LA PRESSE: Ce qui explique qu'il n'y ait pas une grande part de risques, de nouveautés ou de découvertes dans la saison 2013-14? Le TNM est-il condamné aux succès?



LORRAINE PINTAL: On est condamné aux triomphes! Le plancher pour les taux d'assistance est à 80 % de la salle. On doit désormais mettre les supplémentaires au budget. C'est vrai que cette saison-ci, on trouve moins d'audace ou de jeunes metteurs en scène. La relève est plus visible dans les distributions. Or, il faut aussi regarder à long terme et travailler dans la continuité avec des artistes dont la démarche est connue des habitués du TNM. Comme Michel Lemieux, Victor Pilon, Robert Lepage ou René Richard Cyr.



LA PRESSE: Sans crier gare, au fil du temps, le TNM est-il devenu un théâtre privé?

LORRAINE PINTAL: Le TNM est un théâtre public... mais financé par le privé. Si l'État persiste à geler les subventions et à se désengager comme il le fait, il soumet la culture à une obligation marchande, il remet l'art entre les mains de la libre entreprise. À mon avis, ce serait une grave erreur. Je suis positive, mais je vois les dangers qui guettent le TNM. Et il y aura encore plus de coproductions, plus de compromis artistiques, plus de divertissement...

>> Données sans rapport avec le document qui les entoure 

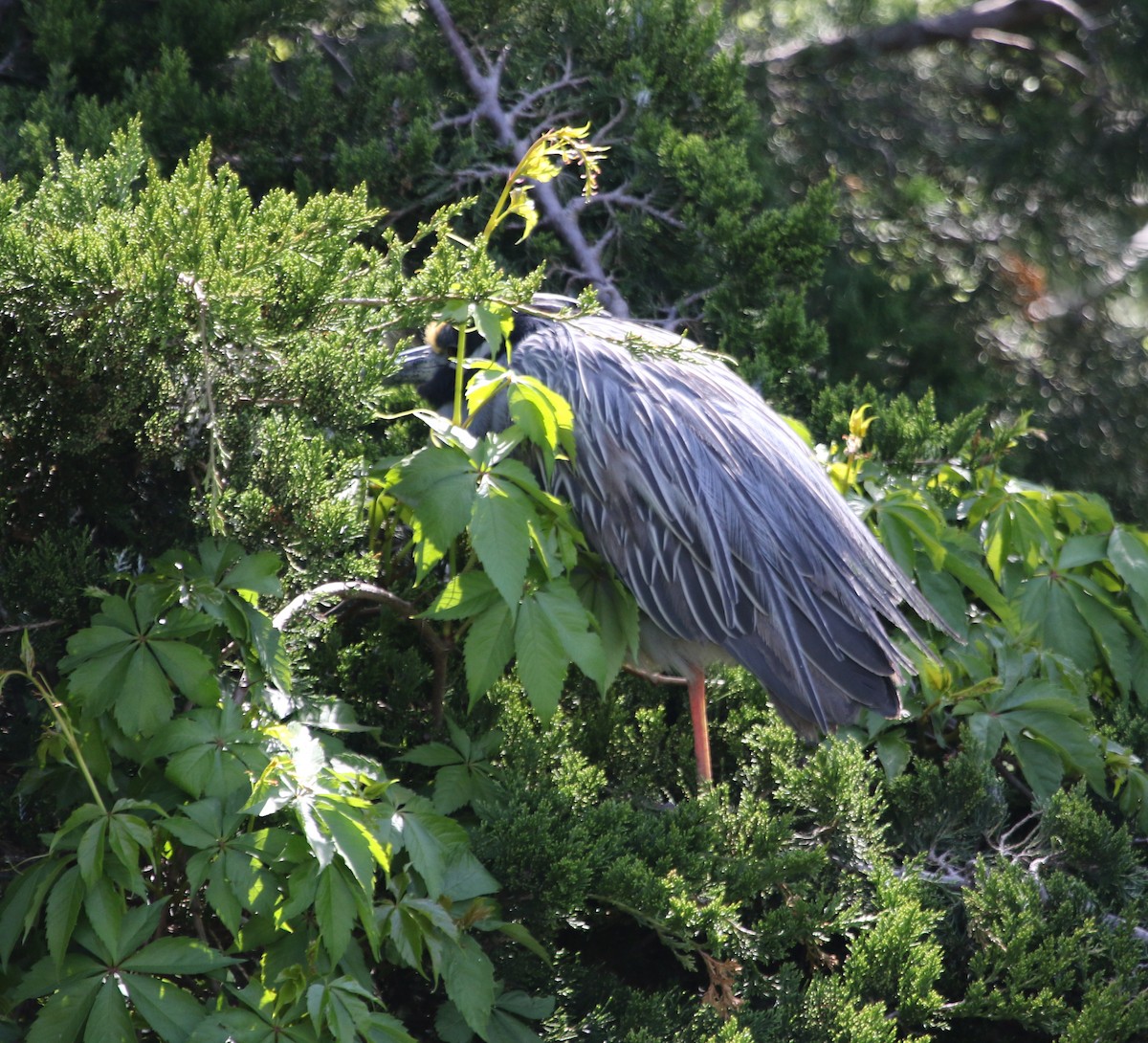 Yellow-crowned Night Heron - ML620651918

LA PRESSE: Dans ce contexte, craignez-vous pour l'avenir du TNM?

LORRAINE PINTAL: Je suis de nature optimiste. On peut se trouver face à un mur et lancer que c'est la mort du texte, du théâtre, de l'art vivant. Moi, je ne vois pas ça comme la tendance de fond. Mais cela dépendra beaucoup comment nous, artistes, on va communiquer notre art et observer les nouvelles tendances. Nous sommes en pleine mutation et je me sens comme un témoin de cette mutation.

LA PRESSE: Et votre avenir à la direction artistique et générale?

LORRAINE PINTAL: En 2017, on va célébrer le 375e anniversaire de Montréal. Je suis tenace dans le projet de doter la Ville d'un grand théâtre de répertoire avec l'agrandissement du TNM.  J'aimerais partir avec l'idée de la mission accomplie. J'aimerais donner à mon successeur une grande maison, un lieu vivant presque 24 heures sur 24.

Les cinq plus gros succès du TNM au cours des 20 dernières années.

1) L'Odyssée (d'après Homère, adaptation de Dominic Champagne et Alexis Martin); 84 représentations et 65 581 spectateurs (saison 1999-2000).

2) Le Barbier de Séville de Beaumatchais. Mise en scène René Richard Cyr; 45 représentations et 39 650 spectateurs (saison 1998-1999).

3) Cyrano de Bergerac d'Edmond Ronstand. Mise en scène Alice Ronfard; 52 représentations et 34 755 spectateurs (saison 1995-1996).

4) Le malade imaginaire de Molière. Mise en scène Carl Béchard; 41 représentations et 34 525 spectateurs (saison 2005-2006).

5) Don Quichotte de Cervantès (adaptation de Dominic Champagne et Wajdi Mouawad). Mise en scène Dominic Champagne; 42 représentations et 32 368 spectateurs (saison 1997-1998).